Schwappach argues that the district court abused its discretion by admitting
evidence of his 2007 conviction of fourth-degree criminal sexual conduct. In 2007,
D.M.Y., a close family friend whom C.S. used to babysit, stayed overnight at the home of
C.S. and Schwappach. Although D.M.Y. was 15 years old at the time, she was
developmentally delayed and suffered from depression. Schwappach offered to let
D.M.Y. stay at his home because spending time with his children helped to alleviate her
depression. While D.M.Y. was staying there, Schwappach invited her to the basement to
watch a movie with him and the other children. Schwappach and D.M.Y. sat on a couch
together with a blanket covering their laps, and the children sat in a chair adjacent to the
couch. Underneath the blanket and out of the other children’s sight, Schwappach inserted
his fingers inside D.M.Y.’s vagina and moved them around. Schwappach ultimately
pleaded guilty to fourth-degree criminal sexual conduct.
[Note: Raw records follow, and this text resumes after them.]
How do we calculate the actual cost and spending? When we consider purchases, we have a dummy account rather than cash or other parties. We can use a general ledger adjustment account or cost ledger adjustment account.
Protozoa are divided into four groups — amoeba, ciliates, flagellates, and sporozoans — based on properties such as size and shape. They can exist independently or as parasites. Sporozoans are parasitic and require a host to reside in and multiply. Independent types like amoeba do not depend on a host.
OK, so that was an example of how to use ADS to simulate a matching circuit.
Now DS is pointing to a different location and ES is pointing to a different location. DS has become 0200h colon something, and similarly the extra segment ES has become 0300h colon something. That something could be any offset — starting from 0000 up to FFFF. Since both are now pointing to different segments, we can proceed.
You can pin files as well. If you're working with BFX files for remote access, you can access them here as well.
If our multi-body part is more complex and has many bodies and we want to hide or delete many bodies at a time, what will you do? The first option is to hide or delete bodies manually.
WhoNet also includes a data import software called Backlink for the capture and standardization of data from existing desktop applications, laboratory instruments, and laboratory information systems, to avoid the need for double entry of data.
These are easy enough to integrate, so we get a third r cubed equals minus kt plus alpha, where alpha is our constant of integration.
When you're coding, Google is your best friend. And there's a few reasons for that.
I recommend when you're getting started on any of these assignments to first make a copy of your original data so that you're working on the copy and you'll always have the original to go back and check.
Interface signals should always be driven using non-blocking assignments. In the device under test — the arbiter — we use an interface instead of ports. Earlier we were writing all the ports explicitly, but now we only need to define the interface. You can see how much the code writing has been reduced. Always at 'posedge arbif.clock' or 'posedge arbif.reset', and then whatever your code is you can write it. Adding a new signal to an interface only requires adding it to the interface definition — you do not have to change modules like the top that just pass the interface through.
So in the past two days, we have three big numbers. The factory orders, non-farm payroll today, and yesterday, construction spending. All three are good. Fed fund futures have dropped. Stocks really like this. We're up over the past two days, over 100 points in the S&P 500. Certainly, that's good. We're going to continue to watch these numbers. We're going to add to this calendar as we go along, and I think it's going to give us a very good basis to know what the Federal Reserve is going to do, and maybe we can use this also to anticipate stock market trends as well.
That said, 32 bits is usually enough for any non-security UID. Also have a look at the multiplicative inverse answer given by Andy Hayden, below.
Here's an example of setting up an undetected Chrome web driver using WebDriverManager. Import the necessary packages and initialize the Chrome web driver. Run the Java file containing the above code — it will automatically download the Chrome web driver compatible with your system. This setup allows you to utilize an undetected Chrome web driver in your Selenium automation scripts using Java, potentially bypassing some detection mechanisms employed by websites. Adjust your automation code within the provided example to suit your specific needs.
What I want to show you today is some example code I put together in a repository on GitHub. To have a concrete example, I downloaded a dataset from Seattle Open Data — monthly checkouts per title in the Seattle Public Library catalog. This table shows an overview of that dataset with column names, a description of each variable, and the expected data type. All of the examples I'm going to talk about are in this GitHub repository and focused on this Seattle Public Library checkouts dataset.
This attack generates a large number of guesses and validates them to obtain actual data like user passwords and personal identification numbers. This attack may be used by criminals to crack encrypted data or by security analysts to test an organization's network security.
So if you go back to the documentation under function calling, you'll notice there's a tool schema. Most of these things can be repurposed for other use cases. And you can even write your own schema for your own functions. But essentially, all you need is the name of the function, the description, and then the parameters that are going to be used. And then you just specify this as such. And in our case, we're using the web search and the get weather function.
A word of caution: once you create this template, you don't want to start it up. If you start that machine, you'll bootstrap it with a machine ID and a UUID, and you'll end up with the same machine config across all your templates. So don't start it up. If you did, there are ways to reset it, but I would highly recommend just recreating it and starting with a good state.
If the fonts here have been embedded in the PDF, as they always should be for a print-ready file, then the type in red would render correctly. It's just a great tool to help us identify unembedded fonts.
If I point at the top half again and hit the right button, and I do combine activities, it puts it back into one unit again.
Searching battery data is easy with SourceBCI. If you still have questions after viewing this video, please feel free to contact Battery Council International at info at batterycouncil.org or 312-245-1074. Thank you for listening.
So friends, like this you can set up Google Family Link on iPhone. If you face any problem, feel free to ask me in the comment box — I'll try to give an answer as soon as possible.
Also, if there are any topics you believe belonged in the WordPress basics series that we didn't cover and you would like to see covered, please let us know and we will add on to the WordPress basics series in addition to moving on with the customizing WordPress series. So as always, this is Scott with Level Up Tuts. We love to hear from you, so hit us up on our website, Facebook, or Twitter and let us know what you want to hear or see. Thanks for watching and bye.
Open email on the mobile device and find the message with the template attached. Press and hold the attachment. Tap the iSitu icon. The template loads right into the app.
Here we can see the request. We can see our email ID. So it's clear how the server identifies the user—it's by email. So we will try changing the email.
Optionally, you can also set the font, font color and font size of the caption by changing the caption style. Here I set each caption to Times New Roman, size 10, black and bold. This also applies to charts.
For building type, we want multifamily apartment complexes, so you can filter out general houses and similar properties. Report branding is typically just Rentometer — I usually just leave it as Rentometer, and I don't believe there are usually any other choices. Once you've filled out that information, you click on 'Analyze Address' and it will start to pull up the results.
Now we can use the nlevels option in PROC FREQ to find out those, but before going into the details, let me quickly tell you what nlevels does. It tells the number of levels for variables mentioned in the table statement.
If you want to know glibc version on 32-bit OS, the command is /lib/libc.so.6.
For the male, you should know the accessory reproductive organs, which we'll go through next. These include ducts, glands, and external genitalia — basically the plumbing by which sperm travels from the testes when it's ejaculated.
The district court allowed the state to introduce this evidence as relationship
evidence under Minn. Stat. § 634.20 and as Spreigl evidence of a common scheme or
plan. Schwappach argues that the district court abused its discretion on both grounds.
We review the admission of Spreigl evidence for an abuse of discretion. State v.
Ness, 707 N.W.2d 676, 685 (Minn. 2006). Schwappach bears the burden of showing the
abuse of discretion and any resulting prejudice. Id.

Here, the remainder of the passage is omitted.